Data supplied section start
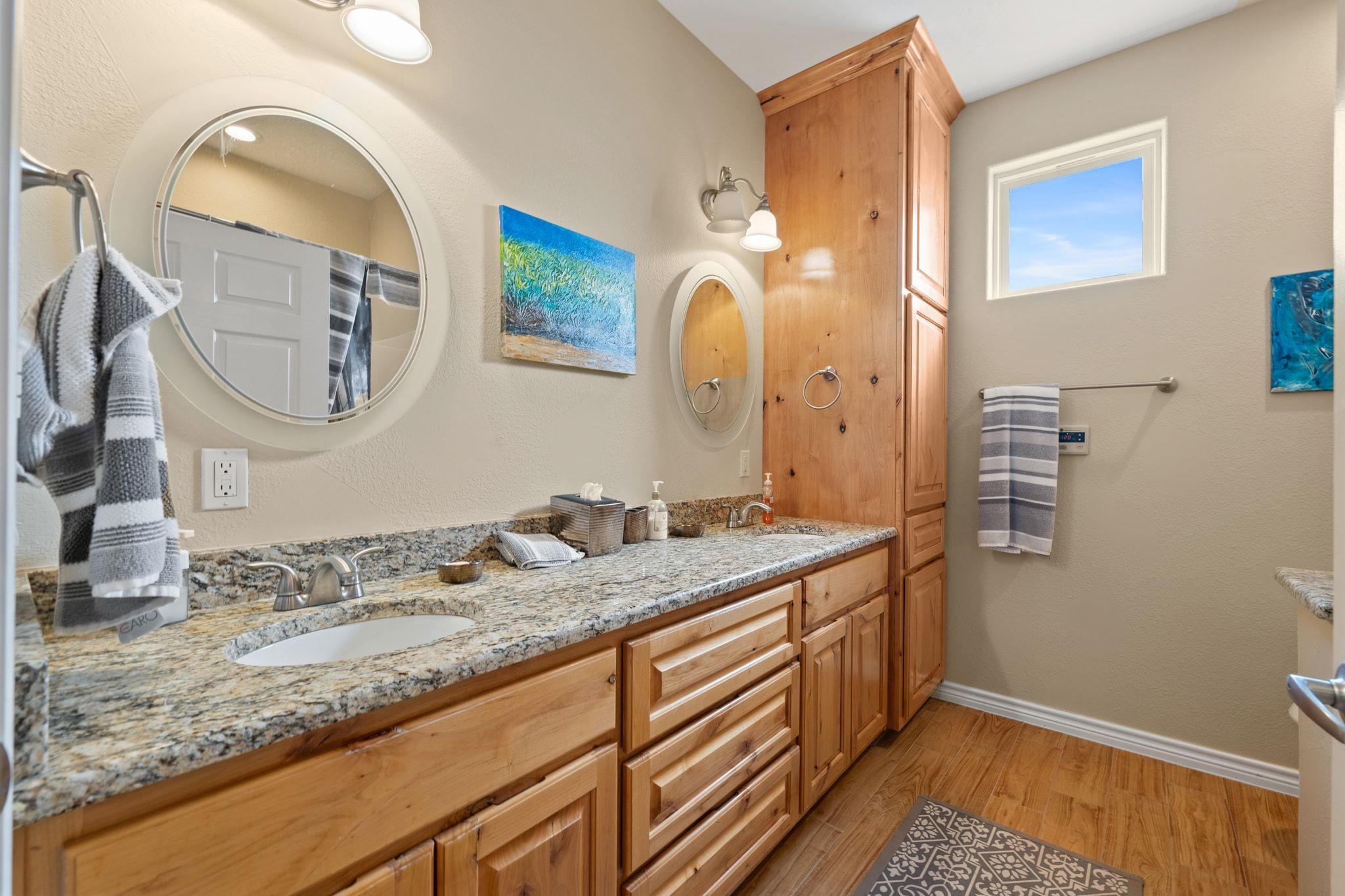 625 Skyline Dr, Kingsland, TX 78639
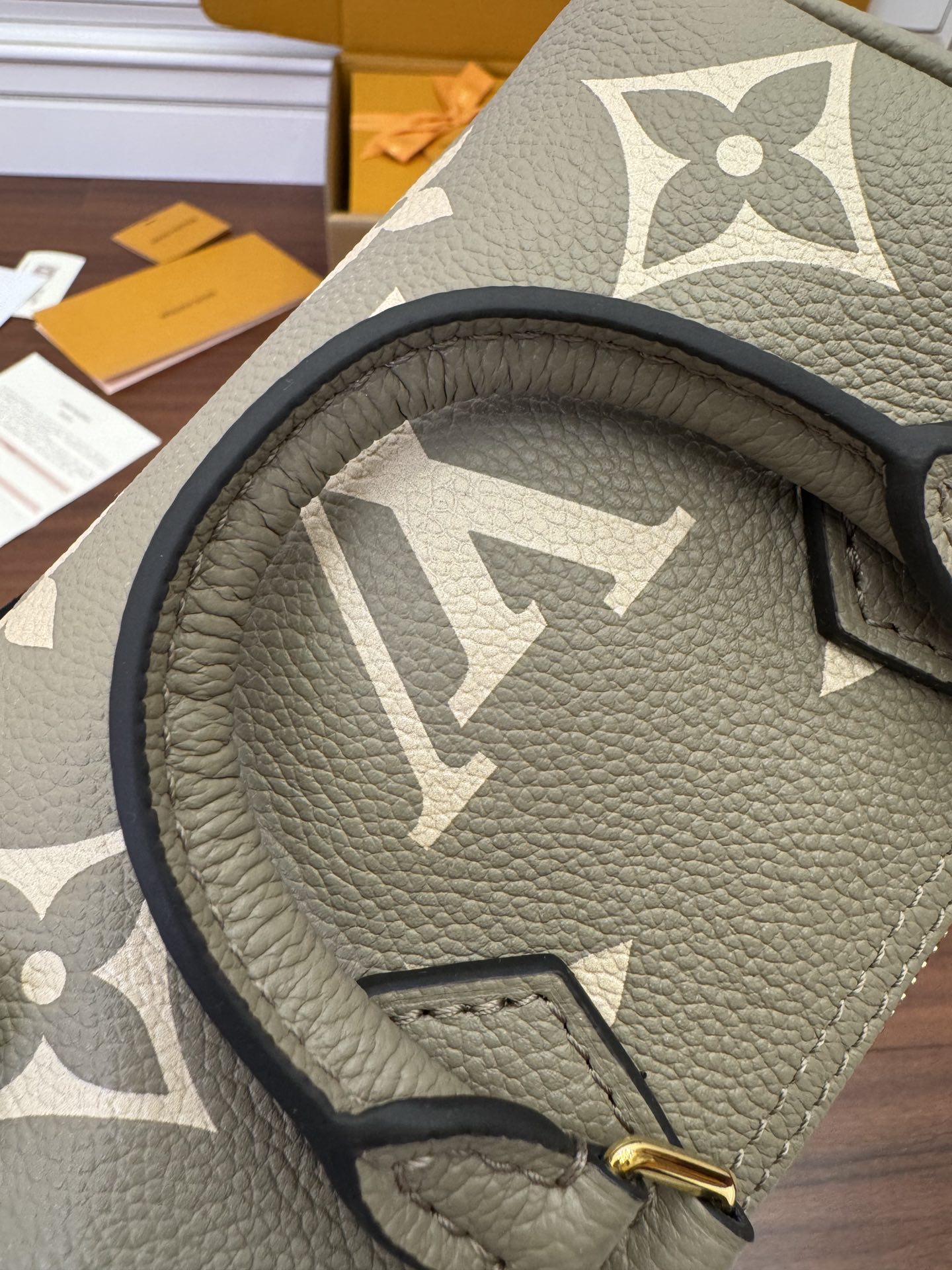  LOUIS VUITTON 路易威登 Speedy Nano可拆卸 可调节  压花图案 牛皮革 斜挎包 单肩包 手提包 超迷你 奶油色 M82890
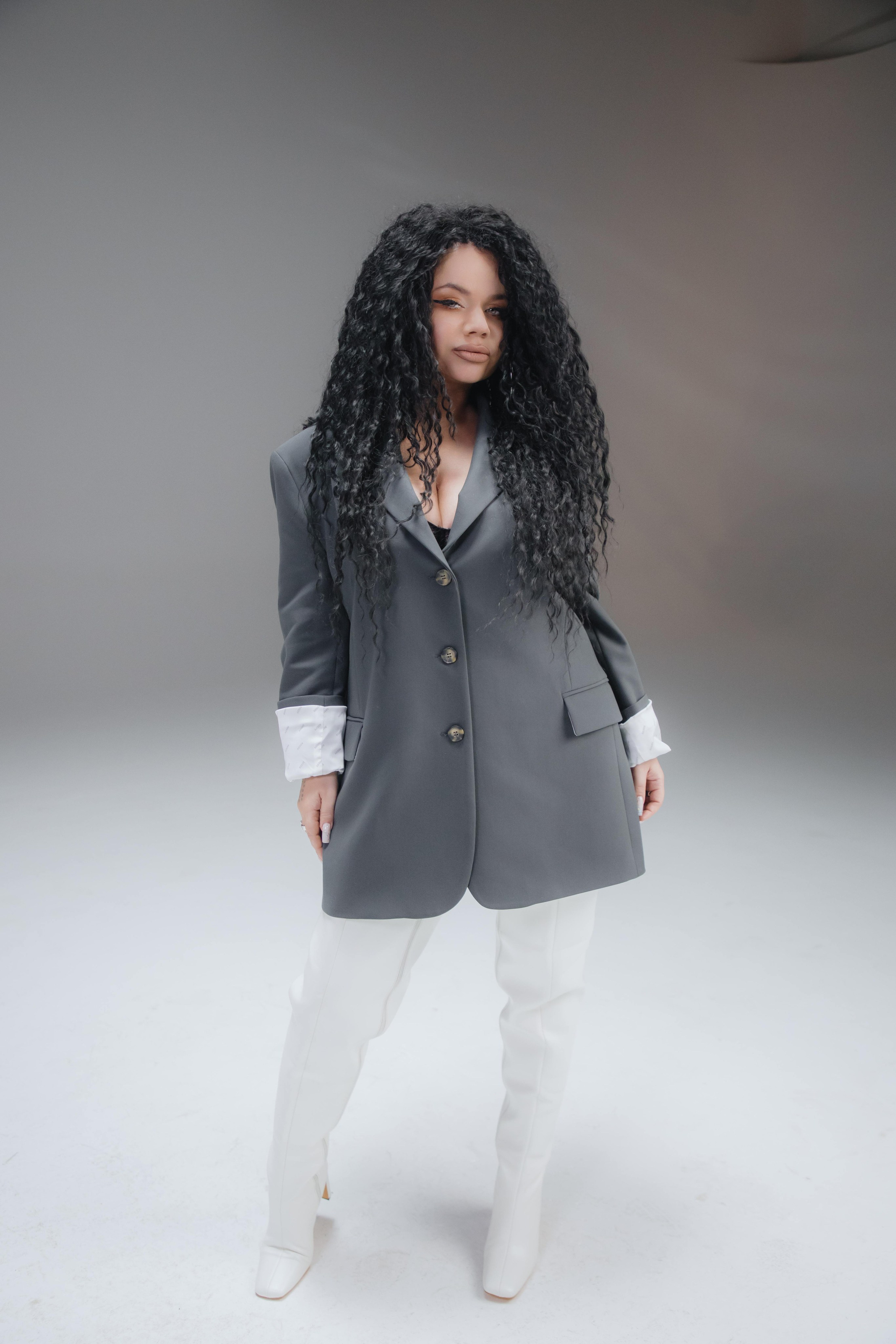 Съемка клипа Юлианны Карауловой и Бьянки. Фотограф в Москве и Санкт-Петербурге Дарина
Data supplied section end
Data supplied section start
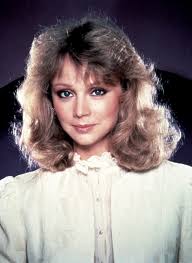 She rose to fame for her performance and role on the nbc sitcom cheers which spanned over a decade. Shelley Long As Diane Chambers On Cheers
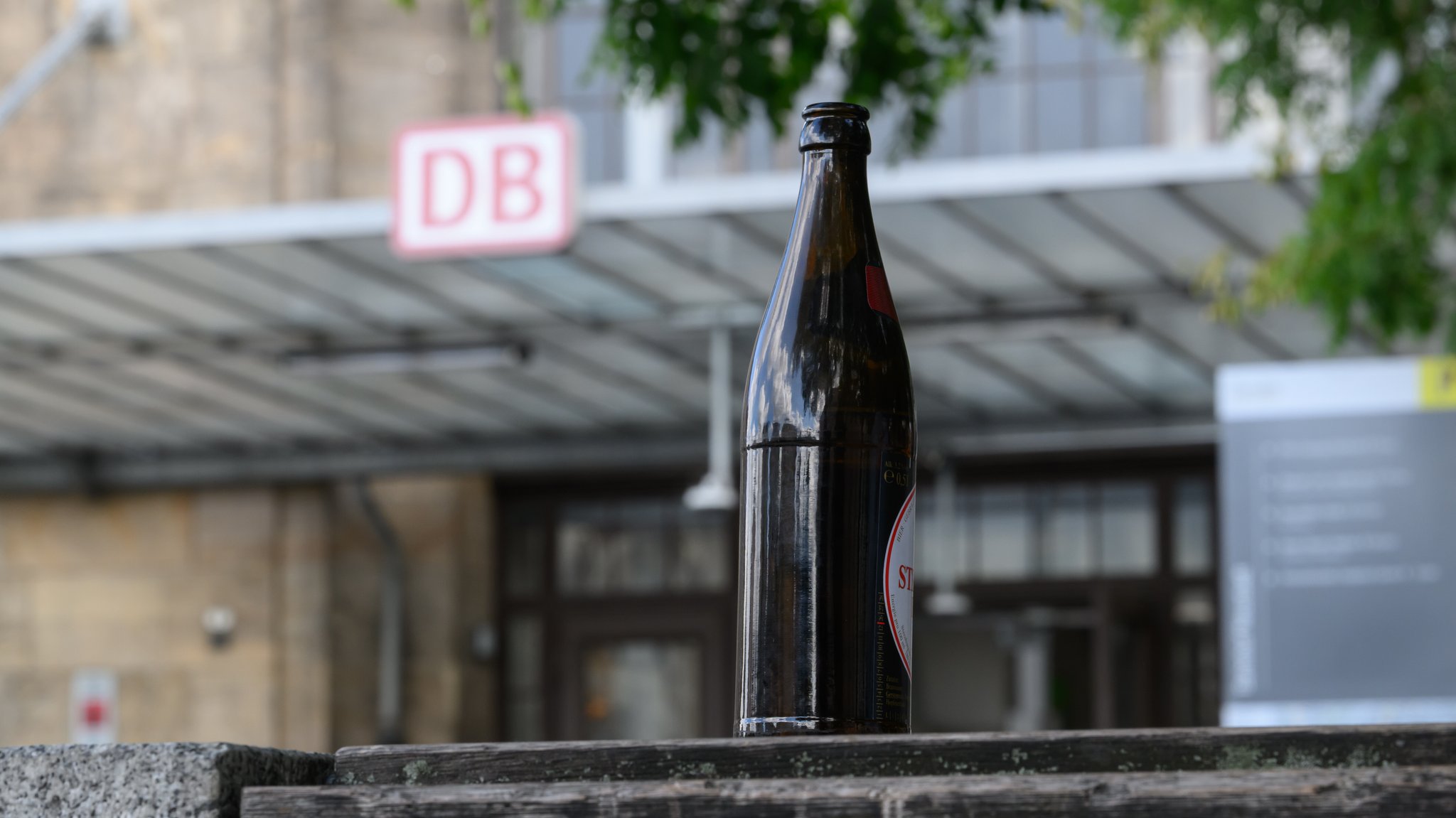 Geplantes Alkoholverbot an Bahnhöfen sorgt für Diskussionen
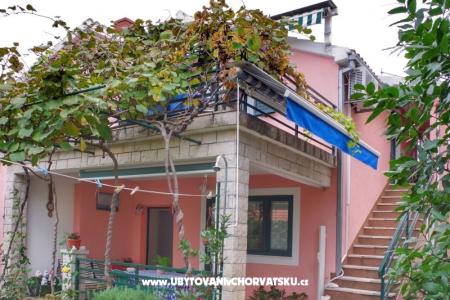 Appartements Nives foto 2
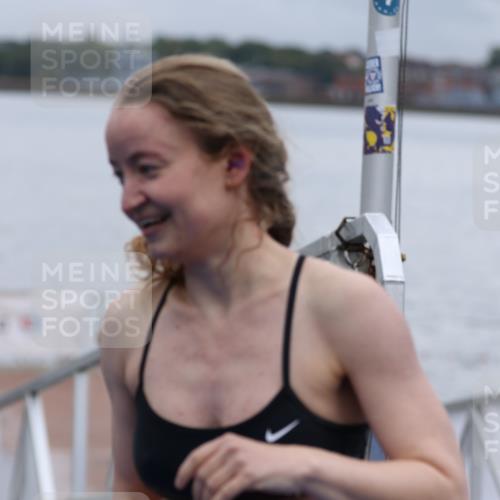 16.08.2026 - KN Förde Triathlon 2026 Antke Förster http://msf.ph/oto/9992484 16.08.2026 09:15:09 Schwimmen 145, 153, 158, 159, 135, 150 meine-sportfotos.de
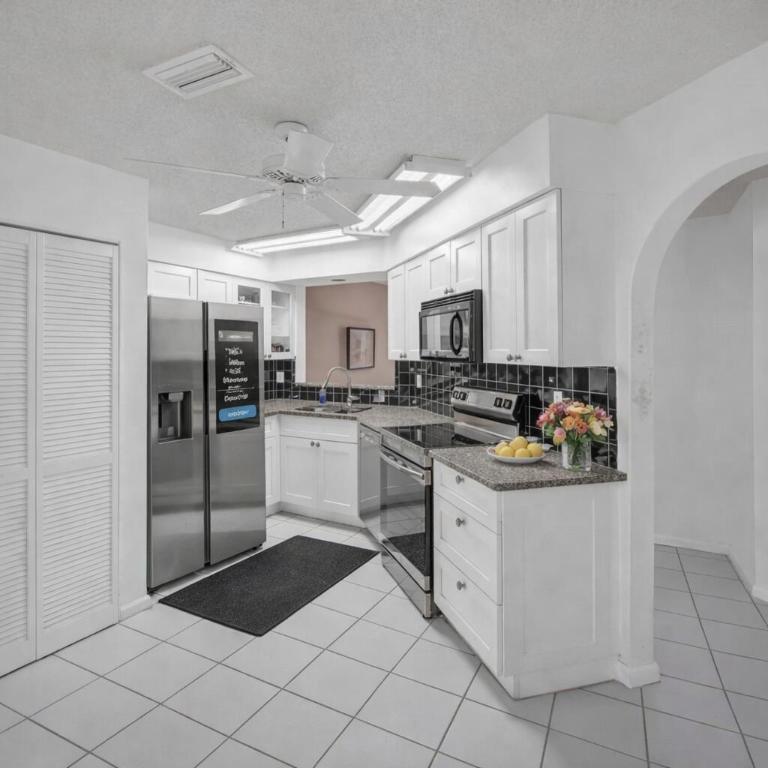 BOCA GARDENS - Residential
Data supplied section end
• **What is needed**
Could you transcribe exactly the entries above, but only the lines from the one with "Geplantes Alkoholverbot an" through the one with "BOCA GARDENS - Residential", and without pictures?

• **Solution**
 Geplantes Alkoholverbot an Bahnhöfen sorgt für Diskussionen
 Appartements Nives foto 2
 16.08.2026 - KN Förde Triathlon 2026 Antke Förster http://msf.ph/oto/9992484 16.08.2026 09:15:09 Schwimmen 145, 153, 158, 159, 135, 150 meine-sportfotos.de
 BOCA GARDENS - Residential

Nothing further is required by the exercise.